My next move is to use the re-projection error to improve the intrinsic values calculation. Hopefully that will increase the accuracy of the calculated extrinsic values. I also want to put my code in some kind of git repository so I can keep track of it better.
The following were links that helped me find my way through the math and the coding:http://www.vision.caltech.edu/bouguetj/calib_doc/ (It has matlab code and an extensive explanation of what is happening under the covers.) http://www.youtube.com/watch?v=DrXIQfQHFv0 (Cool video that shows what can be done with the extrinsic parameters) http://www.amazon.co.uk/Learning-OpenCV-Computer-Vision-Library/dp/0596516134/ (chapter 11, on camera models and calibration. Very good explanation and more code goodies )

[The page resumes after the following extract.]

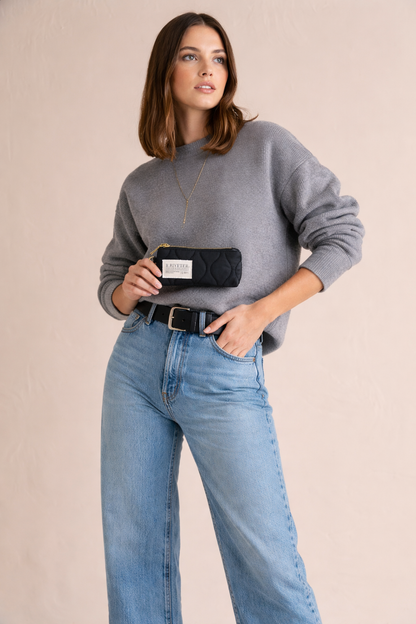 The Echo Pouch | Black Woobie Quilted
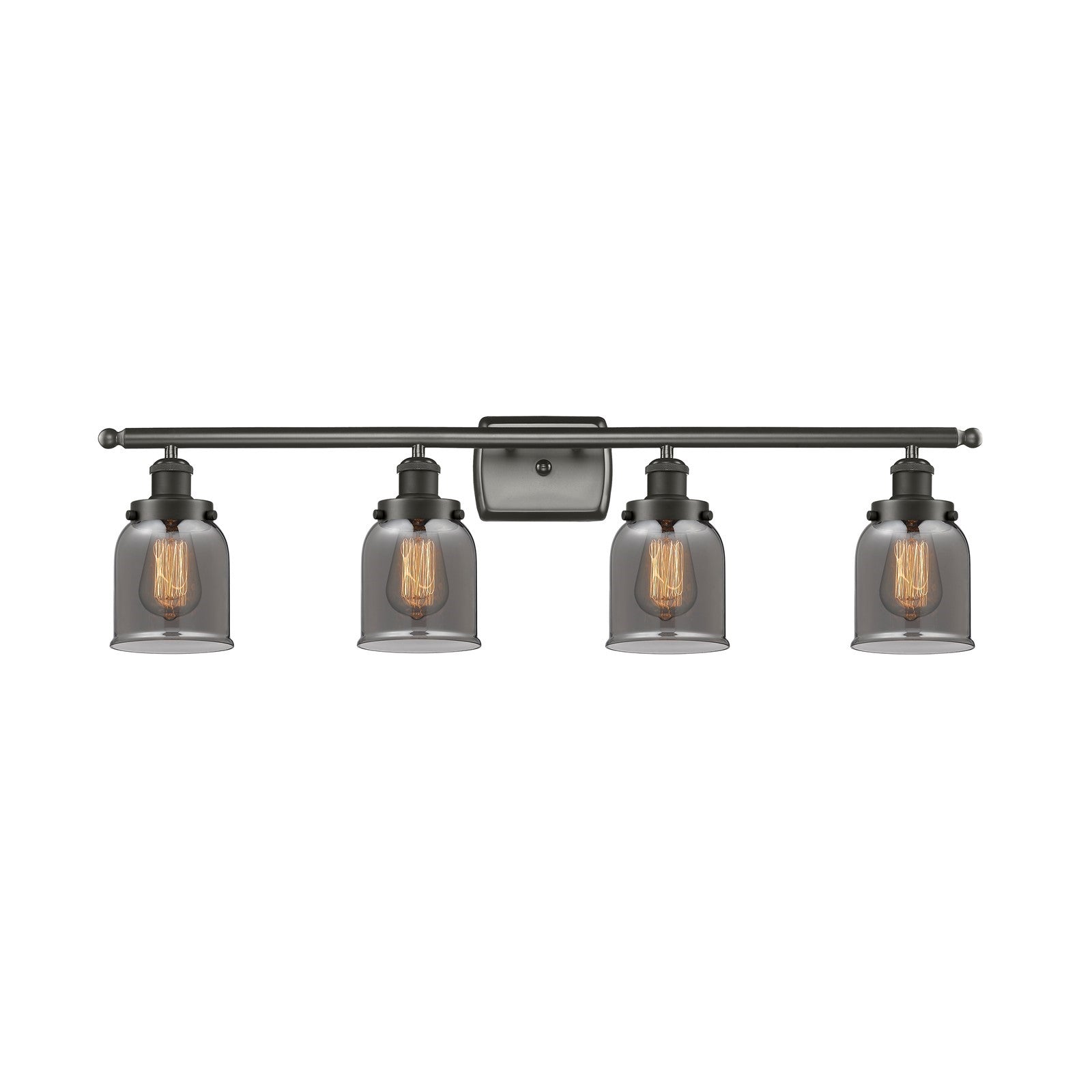 Innovations Bell 36in 4-Light LED Bath Vanity Light | Industrial Oil Rubbed Bronze Steel and Light Smoke Glass | Bathroom Vanity | Model 916-4W-OB-G53-LED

I’ll put my code on my ITU page for now (until I get something better in the research group server, or until I put it in github), Comments and patches are greatly appreciated :http://www.itu.dk/people/jogr/opencv/imageadjust.tar.gz  http://homepages.inf.ed.ac.uk/rbf/CVonline/LOCAL_COPIES/EPSRC_SSAZ/node3.html  http://opencv.willowgarage.com/documentation/camera_calibration_and_3d_reconstruction.html#calibratecamera2  http://opencv.willowgarage.com/documentation/cpp/camera_calibration_and_3d_reconstruction.html#cv-solvepnp
Can You please tell me: the [R|t] are with respect to which coordinate system?? is it the trans and orient of the camera w.r.t. a fixed coordinate system in the room or the calib. chessboard’s origin w.r.t. the camera/frame coordinate system. and is the way suggested by opencv to go from (X,Y,Z) to (u,v) correct (http://opencv.willowgarage.com/documentation/camera_calibration_and_3d_reconstruction.html), it would mean the world to me if somebody can answer this question once and for all.
Thank you :)
Thx for the comment :)
1. The [R|t] matrix is a transformation matrix and its values are not relevant to any of the two coordinate systems (camera nor world). Notice on the link that you gave me that the vector with the real world coordinates is [X,Y,Z]. And the vector with the camera coordinates is [u,v]. Further notice that you can use [R|t] to go from real to camera coordinates or from camera to real. The equation in the link goes from real to camera. To go from camera to real, you need put [R|t] and A on the other side of the equality.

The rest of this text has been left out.